**Supplied information**

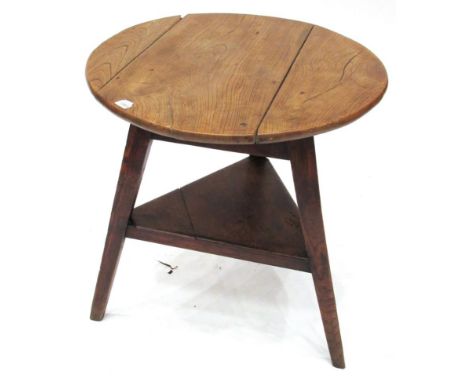 An Elm Circular Cricket Table, 2nd quarter 19th century, the three piece top on tapering legs joined by a triangular shelf, 7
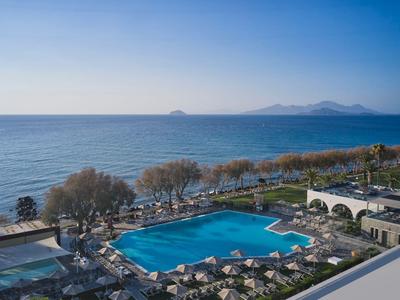 Hotel mit großem Pool an der Küste mit Blick auf das Meer und Berge im Hintergrund.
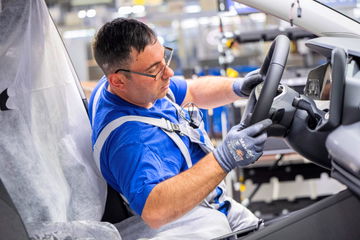 Trabajador en línea de montaje de Volkswagen ajustando el volante.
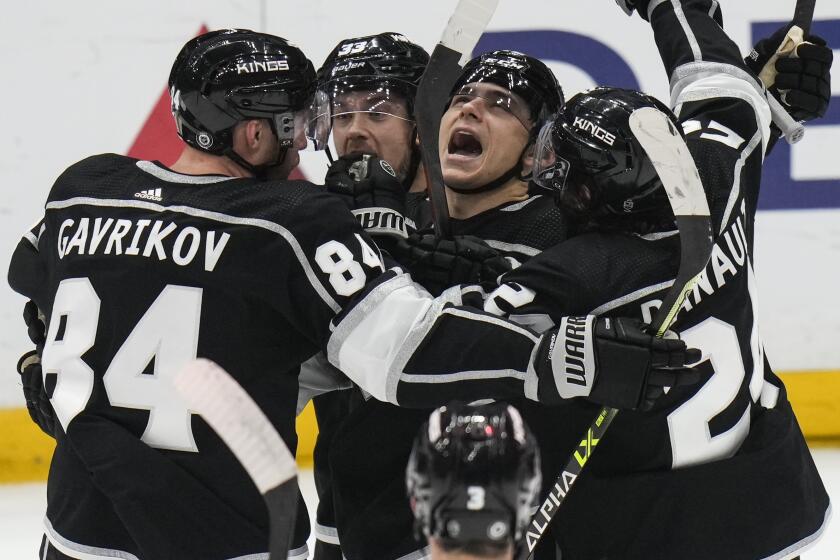 Los Angeles Kings' Trevor Moore, center right, celebrates his goal.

**Your instructions**
Your copy should run from the line that has "Trabajador en línea" through the last line above, exactly, with both ends in and pictures out.

**Solution for this exercise**
 Trabajador en línea de montaje de Volkswagen ajustando el volante.
 Los Angeles Kings' Trevor Moore, center right, celebrates his goal.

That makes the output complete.